**Source records**
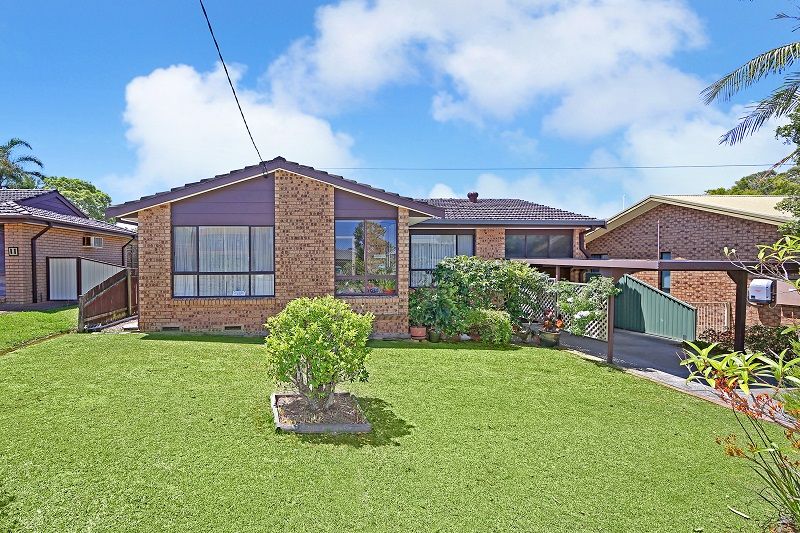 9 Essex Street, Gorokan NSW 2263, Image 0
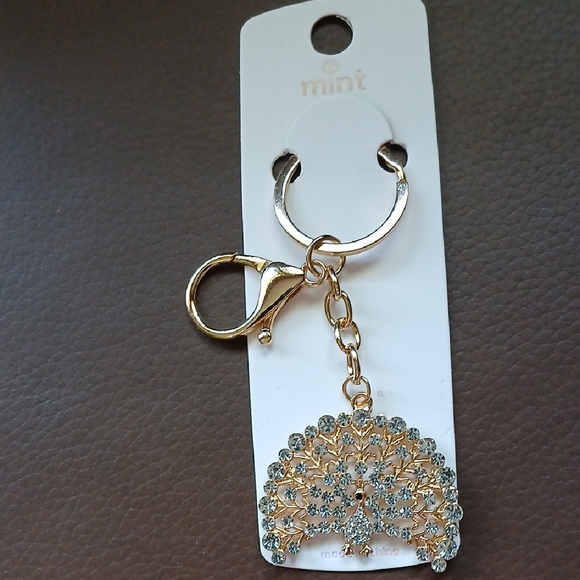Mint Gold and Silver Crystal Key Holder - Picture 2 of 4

--

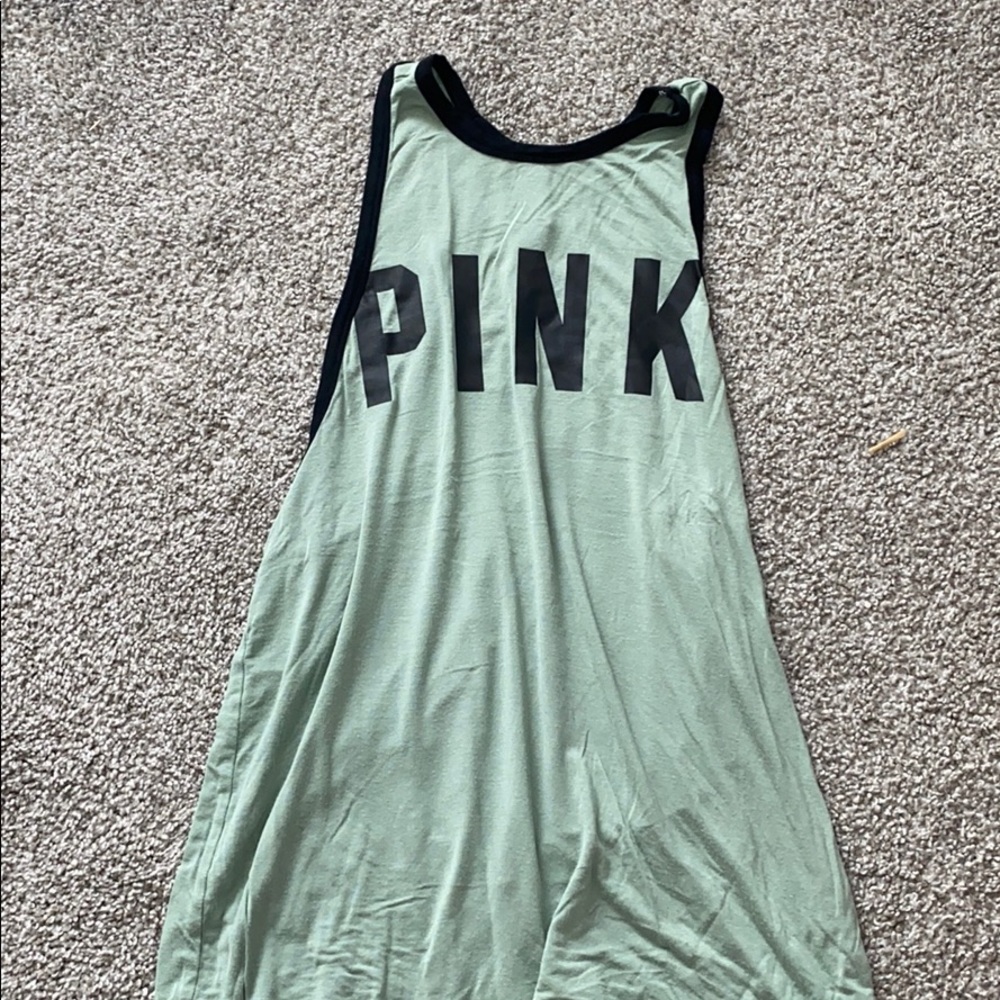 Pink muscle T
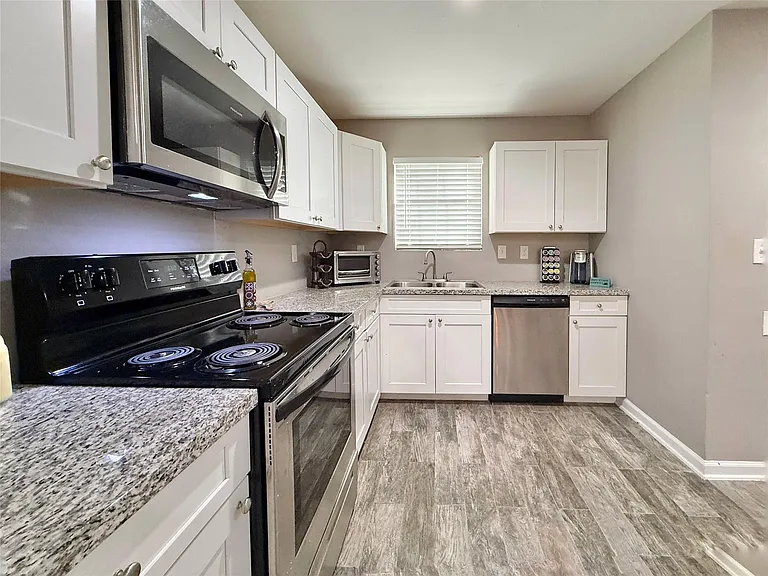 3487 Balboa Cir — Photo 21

--

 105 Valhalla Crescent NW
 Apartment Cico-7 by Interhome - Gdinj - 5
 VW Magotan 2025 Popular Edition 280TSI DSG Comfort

**Exercise goal**
In the records above, find the line with "9 Essex Street, Gorokan NSW 2263, Image 0". Print exactly from there through the line with "Mint Gold and", minus the pictures.

**Result**
 9 Essex Street, Gorokan NSW 2263, Image 0
Mint Gold and Silver Crystal Key Holder - Picture 2 of 4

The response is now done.